Using the data below, gather each line that includes the word "living".
:: Supplied records ::
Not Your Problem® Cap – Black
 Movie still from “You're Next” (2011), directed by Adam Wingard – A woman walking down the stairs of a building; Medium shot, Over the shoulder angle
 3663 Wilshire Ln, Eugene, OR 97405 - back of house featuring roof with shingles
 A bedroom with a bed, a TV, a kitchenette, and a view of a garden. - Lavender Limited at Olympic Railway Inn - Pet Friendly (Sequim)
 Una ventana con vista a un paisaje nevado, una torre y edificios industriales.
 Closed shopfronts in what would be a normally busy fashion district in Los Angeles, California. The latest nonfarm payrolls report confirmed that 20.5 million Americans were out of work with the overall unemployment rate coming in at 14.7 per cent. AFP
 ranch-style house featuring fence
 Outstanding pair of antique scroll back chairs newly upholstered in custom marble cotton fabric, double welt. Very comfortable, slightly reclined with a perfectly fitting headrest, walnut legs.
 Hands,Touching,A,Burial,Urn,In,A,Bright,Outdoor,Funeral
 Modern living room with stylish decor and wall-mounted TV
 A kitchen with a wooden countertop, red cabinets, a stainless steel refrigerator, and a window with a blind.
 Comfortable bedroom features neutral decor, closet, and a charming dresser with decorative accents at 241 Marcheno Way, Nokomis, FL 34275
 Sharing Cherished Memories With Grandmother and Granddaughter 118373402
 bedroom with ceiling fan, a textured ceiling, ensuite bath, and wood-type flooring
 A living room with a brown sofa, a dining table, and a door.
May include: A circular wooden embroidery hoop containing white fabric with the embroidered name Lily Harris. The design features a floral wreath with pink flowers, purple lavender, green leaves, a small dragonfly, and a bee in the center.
:::
◆ Answer to this exercise
 Modern living room with stylish decor and wall-mounted TV
 A living room with a brown sofa, a dining table, and a door.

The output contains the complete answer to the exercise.